### WORK INSTRUCTIONS
Begin at the line holding "LEDコースター 2枚セット（色を自由に変える） _画像3" and set down exactly each line through the last one below, omitting pictures. Include nothing else.

### INFORMATION PROVIDED
##############################

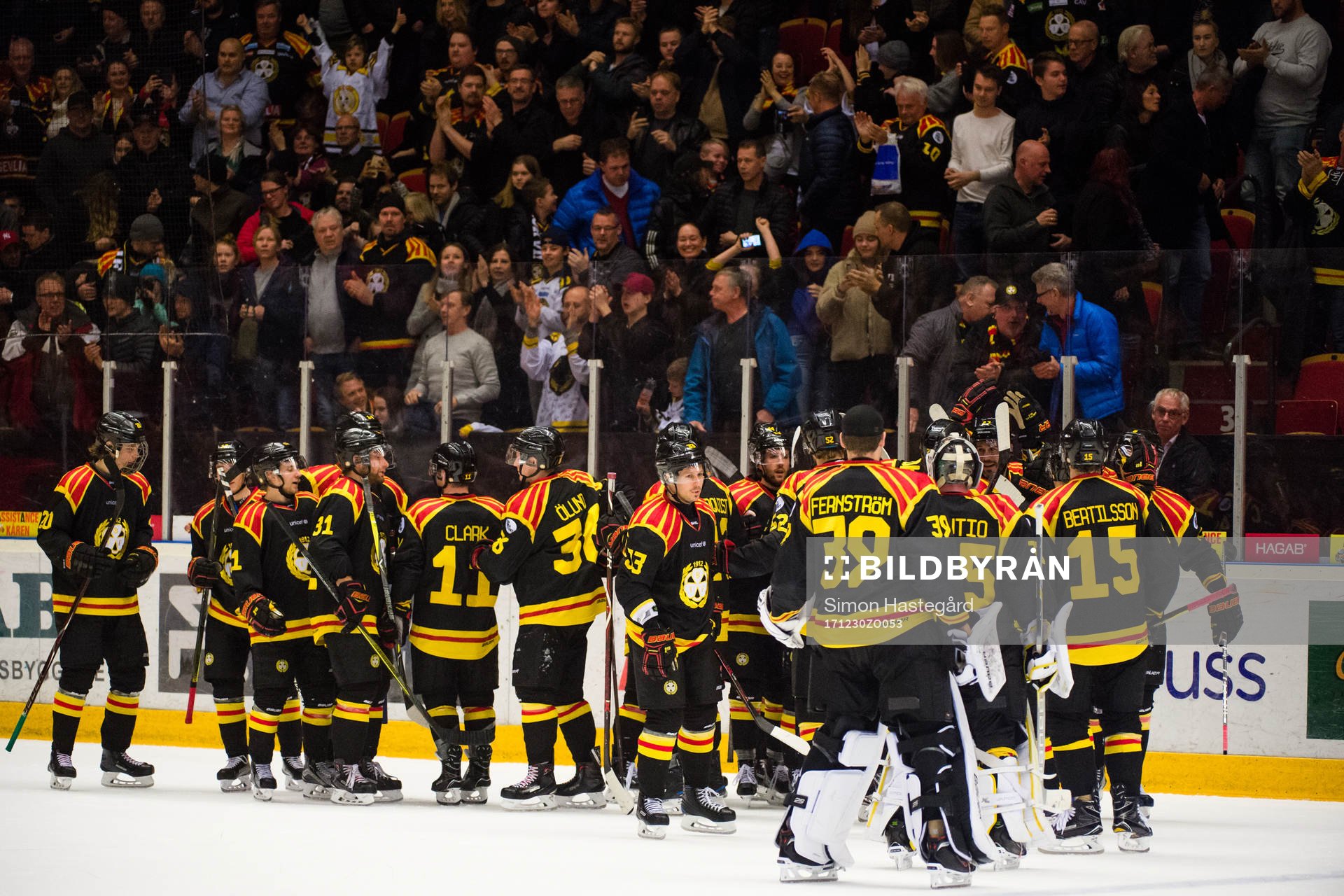 Brynäs spelare jublar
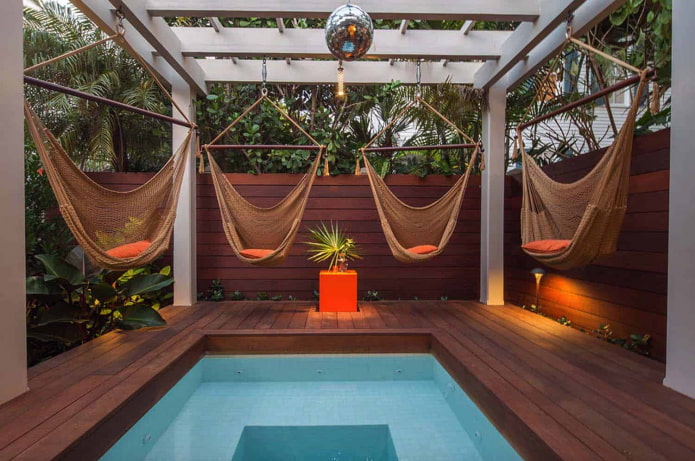 4 Hängematten rund um den Pool mit einer Pergola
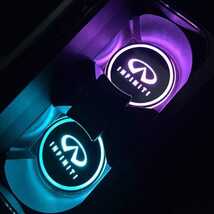 ★新品★インフィニティ ロゴ 車載 装飾コースター LEDドリンク ホルダー LEDコースター 2枚セット（色を自由に変える） _画像3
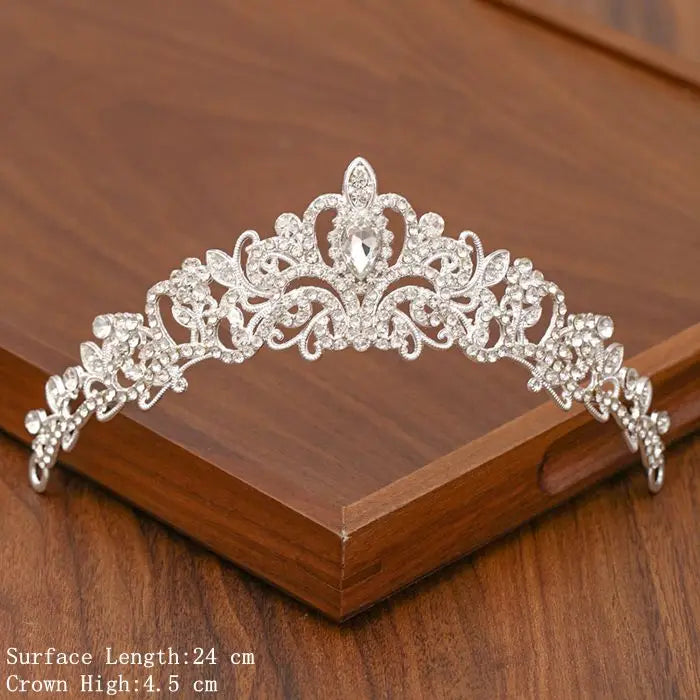 Elegant Tiara with Rhinestones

##############################

### RESULT OF THE TASK
 ★新品★インフィニティ ロゴ 車載 装飾コースター LEDドリンク ホルダー LEDコースター 2枚セット（色を自由に変える） _画像3
 Elegant Tiara with Rhinestones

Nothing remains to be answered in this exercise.